Disrupting Aircraft Design and Production Written 25 June 2018
Panelists: Moderator Juan Alonso, professor of aeronautics and astronautics, Stanford University; Rodin Lyasoff, CEO, A^3 by Airbus; Jack O’Banion, vice president of strategy and customer requirements, Advanced Development Programs, Lockheed Martin; Pradeep Fernandes, managing director of disruptive horizons, Boeing HorizonX; Ilan Kroo, Thomas V. Jones professor of engineering, Department of Aeronautics and Astronautics, Stanford University
by Tom Risen, Aerospace America staff reporter (2017-2018)
Companies must rely on new tools for design and development to meet shifting consumer demand with new types of aircraft, including electric vertical takeoff and landing, or eVTOL, vehicles, a group of executives and academics said June 25 during the “New Paradigms in Aviation” panel at the 2018 AIAA AVIATION Forum in Atlanta.
Maturing technologies, including autonomy and increased battery density, give companies opportunity to create “a new layer of transportation” not possible a few years ago, said Pradeep Fernandes, managing director of disruptive horizons at Boeing HorizonX, an arm of Boeing he said exists to “beat our own game.”
The challenge for the aircraft industry, Fernandes said, is to pursue better fuel efficiency, better maintenance costs and lower crew operating costs for a new layer of transportation.
“If you cannot do that, you need a new unique capability that today’s system cannot provide,” he said.
Fernandes cited Boeing’s ecoDemonstrator program — which test flies new technologies, including plant-based biofuel, every year on a commercial airliner — and referred to the eVTOL vehicle being test flown by Aurora Flight Sciences, the Virginia-based company acquired by Boeing last year. Aurora Flight Sciences CEO John Langford is the president of AIAA.
New eVTOL aircraft promise a market for electric flight for commutes from a city to the suburbs by being cleaner and quieter than conventional helicopters, said Rodin Lyasoff, CEO of Silicon Valley-based A^3 by Airbus. The eVTOL aircraft being test flown by A^3 is the Vahana, which will begin test flights to transition from vertical to horizontal flight in August, according to a spokeswoman for the company.
Improvements in automation have made automated assembly lines less costly in car manufacturing factories, Lyasoff said, adding he is curious what can be leveraged from that industry method when eVTOL vehicles such as the Vahana complete the testing and regulation stages and are ready for mass production.
Additive manufacturing is another increasingly mainstream production method that promises lower costs and easier creation of aircraft parts in complex shapes, but “it has to be done with significant care,” said Jack O’Banion, vice president of strategy and customer requirements with Advanced Development Programs at Lockheed Martin, also known as Lockheed Martin Skunk Works.

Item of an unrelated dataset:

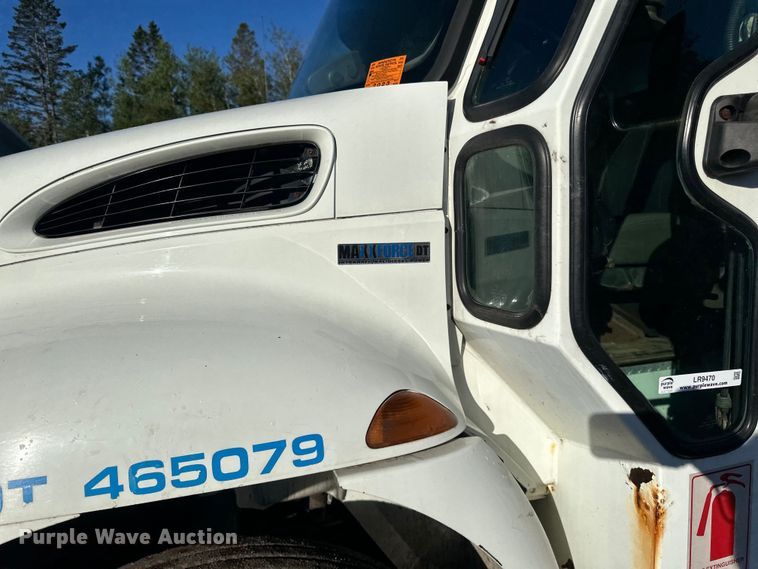 image for item LR9470 2010 International  DuraStar 4400 refuse truck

The challenge for additive manufacturing of aircraft parts is certifying them for safety with regulators, O’Banion said, calling certification “a whole science in itself.”“It has opened avenues of design that weren’t there before,” O’Banion said of additive manufacturing. “We are able to create new propulsion systems and other things that would have been impossible to machine a part to do.”